Görme Engellilerle Etkileşimde Dikkat Edilmesi Gerekenler
Biri arkanızdan yaklaşıp bir anda kolunuzdan çekse siz de irkilirsiniz. Görme engellilere yardım etmeye çalışanların niyeti aslında iyi ama maalesef yöntem yanlış. Bu yüzden küçük çaplı eğitimler verilebilir.
Görme engelliler olarak yaşamlarımızda kolaylaştırıcı adımlar atılmasını çok arzu ediyoruz. Ancak ne yazık ki, çeşitli yerlerde bu yönde değişiklikler yapılmadığı zamanlar oluyor. Bazen bizimle iletişim kurarken gerçekten özen gösteren ve hazırlıklı davranan kişilerle karşılaşıyoruz. Bu durum, çoğu zaman iletişimin ne kadar önemli olduğunu ve taraflar arasında doğru davranışların nasıl olması gerektiğini tekrar hatırlatıyor.
Örneğin, "Sesime doğru gelin, sol tarafımdaki boş koltuğa oturabilirsiniz" diyen ya da "İsterseniz koluma girebilirim" diyerek yardım teklif eden kişilerle karşılaşmak, bizim bu davranışların nereden öğrenildiğine dair düşünceler geliştirmemize neden oluyor. Bu güzel yaklaşımlar hepimizin yaşam kalitesini artırabilir. Ne yazık ki, çoğu zaman bu tarz davranışlar, ailesinden veya yakın çevresinden görme engelli bireyleri tanıyan kişilerden öğreniliyor.
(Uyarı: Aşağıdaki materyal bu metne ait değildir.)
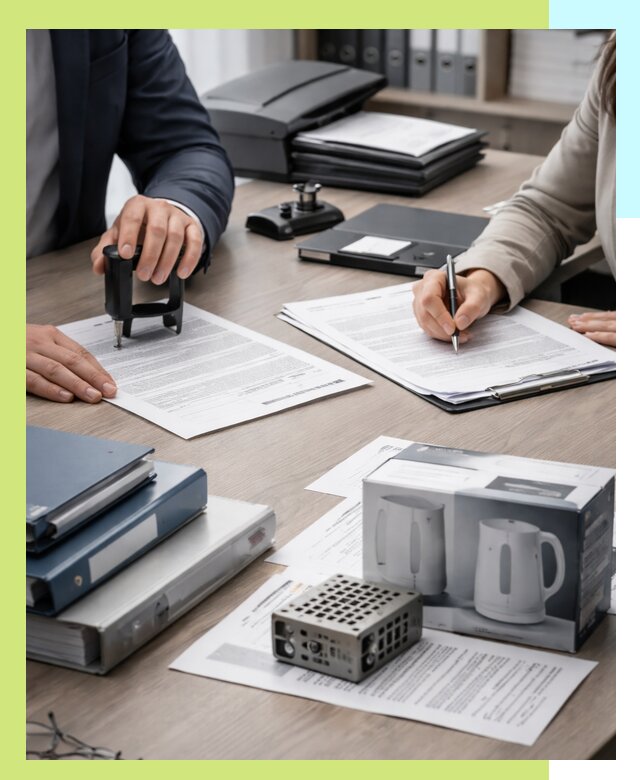 Оформление деклараций соответствия на продукцию в Кушве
Bu bilgileri çevreleriyle paylaşmak, toplumda farkındalığı artırabilir ve bizi mutlu edebilir.
İletişimde Sık Rastlanan Hatalar ve Çözümler
Bunun yanı sıra, bizimle karşılaşınca ansızın tutup çekmeye çalışan kişiler de var. Kötü niyetli olmadıkları aşikar olsa da, bu davranış bizi irkiltip duraksamamıza neden oluyor. Bu durumda, karşı taraf genellikle üzülüyor ya da kızıyor ve "Size iyi niyetle yaklaşıyoruz" diyerek uzaklaşıyor. Aslında, her iki tarafın da niyetleri iyi olsa da, iletişim ve bilgi eksikliği buna yol açıyor. Bu yüzden, küçük çaplı eğitim programları düzenlemek ve farkındalık yaratmak oldukça önemli.
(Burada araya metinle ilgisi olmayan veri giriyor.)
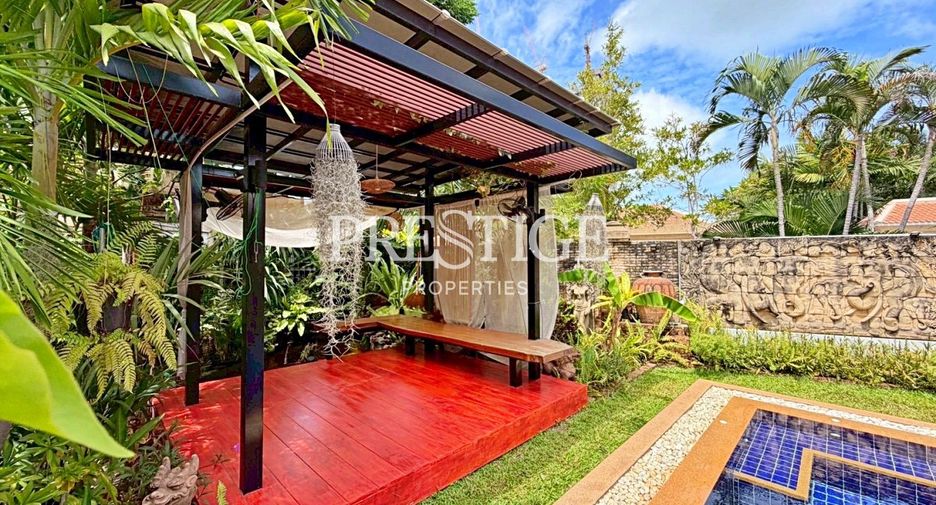 For sale 2 bedrooms house in Jomtien, Pattaya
Devlet kurumları veya şirketlerin, bu konuda bilinçlendirme ve eğitim çalışmaları yapması, bizim yaşam kalitemizi artırabilir. Geçmişte yapılan açıklamaların çoğu bazen bizleri güldürse de, asıl amaç iletişimi ve dayanışmayı güçlendirmek olmalı. Örneğin, İstanbul Valiliği'nin kaldırımda motosiklet park edilmesini yasaklaması ilk bakışta basit bir karar gibi görünse de, aslında bu yasağın neden konduğunu anlamak önemli.
Yasaklara Anlam Katmak ve Farkındalık Yaratmak
Motosikletleri ya da ehliyeti olan kişiler, kaldırıma park etmenin zaten yasak olduğunu bilir. Ancak, neden bu yasağın konduğuna dair bir açıklama olmadığında, insanlar "Yasak ama neden?" sorusunu sormaktan kendilerini alamıyorlar. Belki de suç, bu yasakların detaylarını bilmemekte. Ehliyet alırken bu tür bilgilendirmelerin yapılmaması, sürücülerin bu tür kurallara dikkat etmemesine neden oluyor.
Eğer kurslar sadece motoru çalıştırmayı öğretmekle sınırlı kalıyorsa, burada bir eksiklik var demektir. Yol ve kaldırımın ne işe yaradığını bilmeyen sürücülerin sorumluluğu büyüktür. Ayrıca, kaldırımların kullanım amacı ve önemi hakkında farkındalık oluşturmak da eğitimlerin bir parçası olmalı. Kaldırımlar sadece yaya geçidi değil; herkesin güvenliği içindir. Ve, en azından, bu kurallar uyulmadığında kimi zaman başımıza gelen olumsuzlukların önüne geçilebilir.
Son olarak, dikkate alınması gereken başka bir konu da, araçların park edilmesi ve bu konuda yapılan yasaklara uyulmasıdır. Eğer, park yasağını ihlal eden araçlara karşı ciddi önlemler alınmazsa, bizleri korumanın yolu kalmıyor. Bu yüzden herkesin kurallara uymasını sağlamak ve farkındalık oluşturmak, toplumun ortak sorumluluğudur.